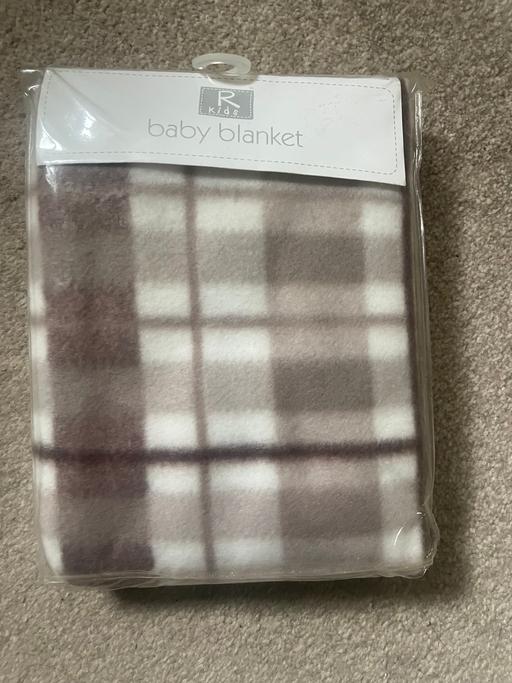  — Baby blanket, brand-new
==
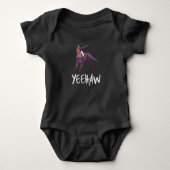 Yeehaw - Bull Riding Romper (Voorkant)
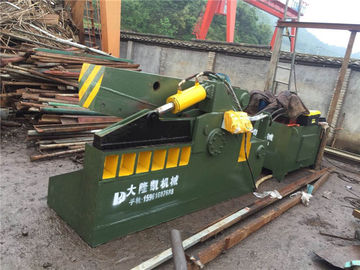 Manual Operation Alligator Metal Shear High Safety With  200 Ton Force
==
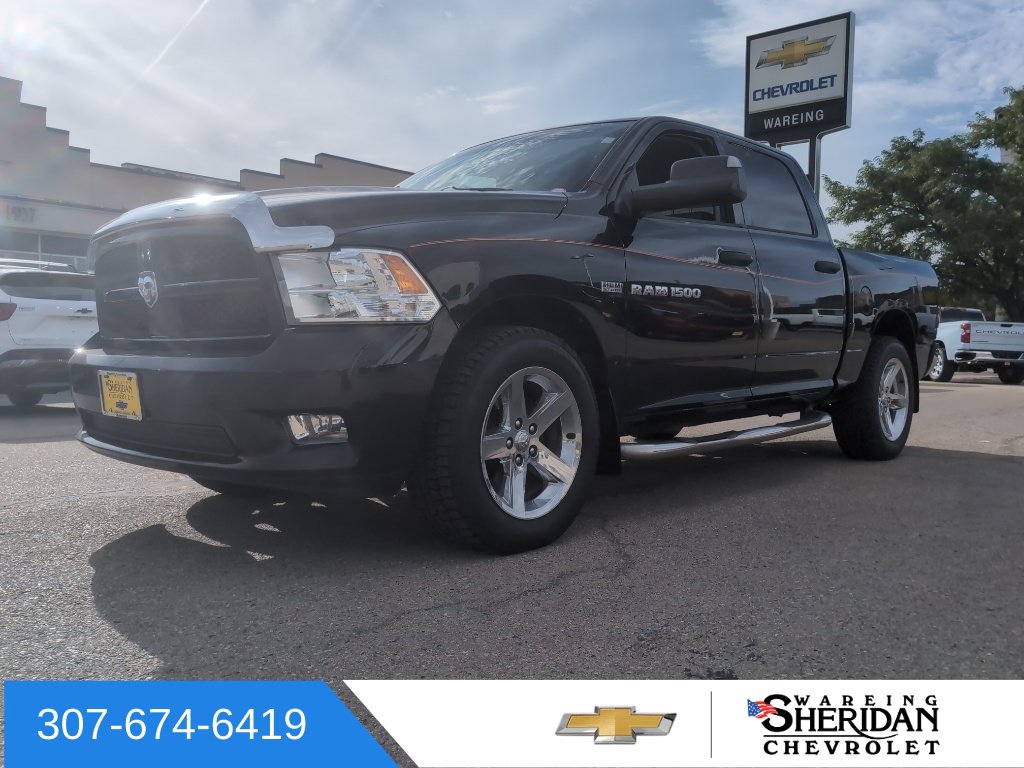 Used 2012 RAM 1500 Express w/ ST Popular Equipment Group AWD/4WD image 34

• **Assigned task**: When you reach the line with "Yeehaw - Bull Riding Romper (Voorkant)" in the records above, begin repeating the lines exactly, and stop after the line with "Manual Operation Alligator". Skip all pictures.

• **Written solution**:
 Yeehaw - Bull Riding Romper (Voorkant)
 Manual Operation Alligator Metal Shear High Safety With  200 Ton Force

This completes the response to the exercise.